滋賀県彦根市職員が飲酒運転で停職処分 ハイボール5杯後に摘発される
滋賀県彦根市は2月19日、飲酒運転を行ったとして、都市政策部に所属する50代の男性課長補佐に対して停職6か月の懲戒処分を科したことを正式に発表しました。この処分は、昨年末に発生した道路交通法違反(酒気帯び運転)事件に基づくものです。
飲食店での飲酒後に車を運転 警察官に呼び止められる
発表によりますと、問題となった課長補佐は昨年12月2日の夜、彦根市内の飲食店を訪れ、ハイボールなど合計5杯のアルコール飲料を摂取しました。その後、自身の自家用車を運転して帰宅しようとしたところ、路上で警察官に呼び止められました。

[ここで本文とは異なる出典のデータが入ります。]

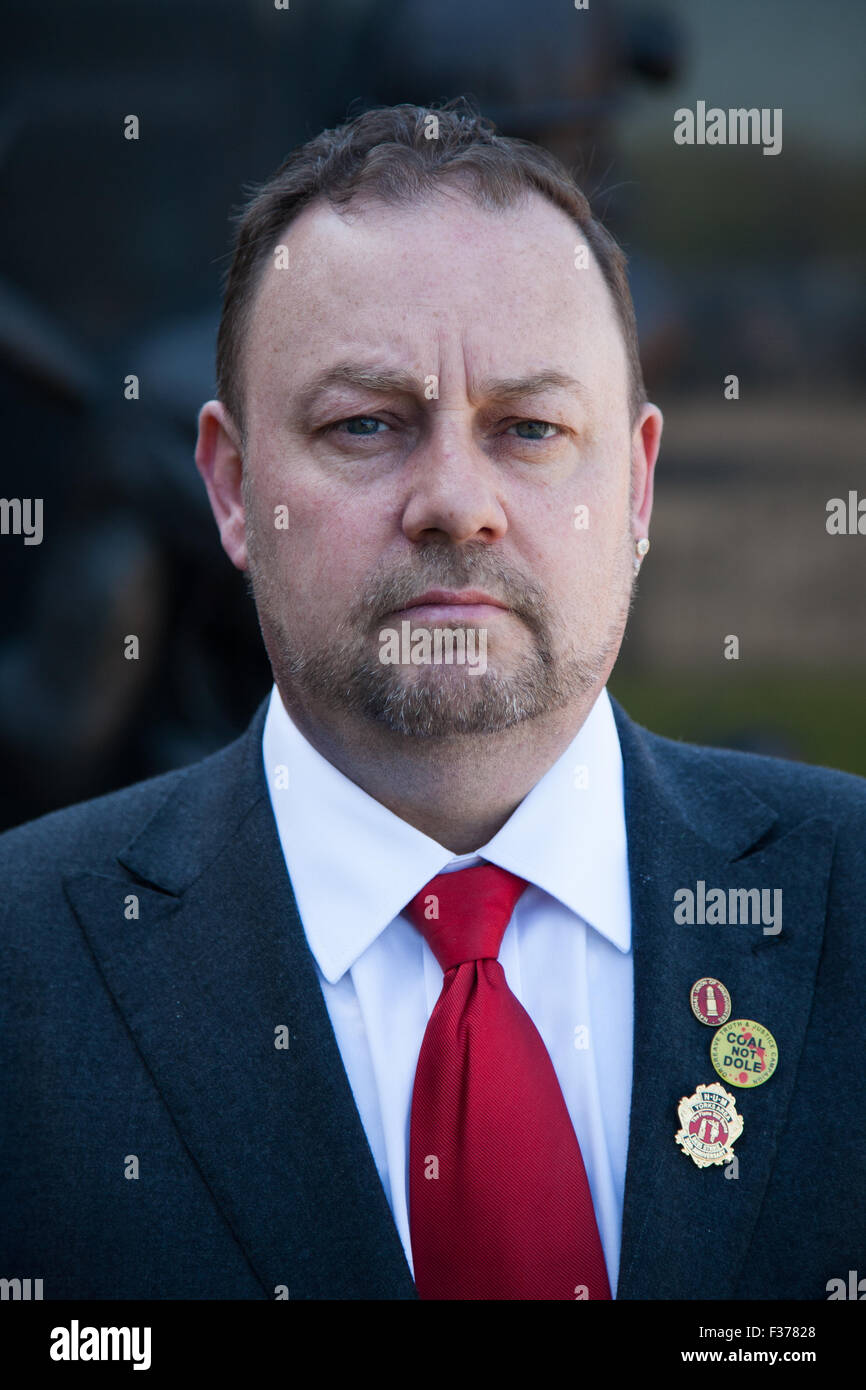 Le Secrétaire général de l'Union Nationale des mineurs Chris Cuisine à la mine de Kellingley dans West Yorkshire. Kellingley est le Banque D'Images Le Secrétaire général de l'Union Nationale des mineurs Chris Cuisine à la mine de Kellingley dans West Yorkshire. Kellingley est le Banque D'Images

警察官による呼気検査の結果、基準値を明確に超えるアルコール濃度が検出され、直ちに酒気帯び運転の容疑で摘発されました。この事件は、公務員としての立場を考慮すると特に重大な違反行為と見なされています。
罰金30万円を納付後、市が厳しい処分を決定
その後、本年1月には彦根簡易裁判所から罰金30万円の略式命令が下され、課長補佐はこの罰金をすでに納付済みです。しかし、市としてはこれだけで終わらせるわけにはいかず、職員の綱紀粛正と再発防止の観点から、追加の懲戒処分が必要と判断しました。
彦根市が決定した停職6か月の処分は、地方公務員法に基づく比較的重い懲戒処分に該当します。この期間中、課長補佐は職務に就くことができず、給与も支給されないことになります。
市長がコメントを発表 再発防止を徹底すると約束
田島一成彦根市長はこの処分決定を受けて、「このような不祥事が二度と起こらないよう、再発防止を徹底します」との公式コメントを発表しました。市長は、公務員としての模範的行動が強く求められる立場にあることを改めて強調し、職員全体への指導と監督を強化する方針を示しています。

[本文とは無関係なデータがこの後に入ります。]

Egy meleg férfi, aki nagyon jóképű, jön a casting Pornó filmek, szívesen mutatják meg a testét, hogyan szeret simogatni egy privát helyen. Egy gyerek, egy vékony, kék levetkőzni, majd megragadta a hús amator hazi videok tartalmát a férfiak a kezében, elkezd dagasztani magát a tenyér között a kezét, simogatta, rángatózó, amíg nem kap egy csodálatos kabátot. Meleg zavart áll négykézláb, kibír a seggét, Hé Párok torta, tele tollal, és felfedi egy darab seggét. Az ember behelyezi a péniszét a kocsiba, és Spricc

今回の事件は、単なる個人の違反行為を超えて、地方自治体の信頼性と職員の倫理観に重大な疑問を投げかける結果となりました。彦根市は今後、職員に対する飲酒運転防止教育の徹底や、内部統制の見直しに取り組むことが期待されています。
飲酒運転は重大な交通事故を引き起こす可能性が極めて高く、社会全体で根絶すべき行為です。公務員がこのような行為に及んだことは、市民の信頼を損なうだけでなく、公共の安全に対する意識の低さを露呈するものとして、厳しい批判を免れないでしょう。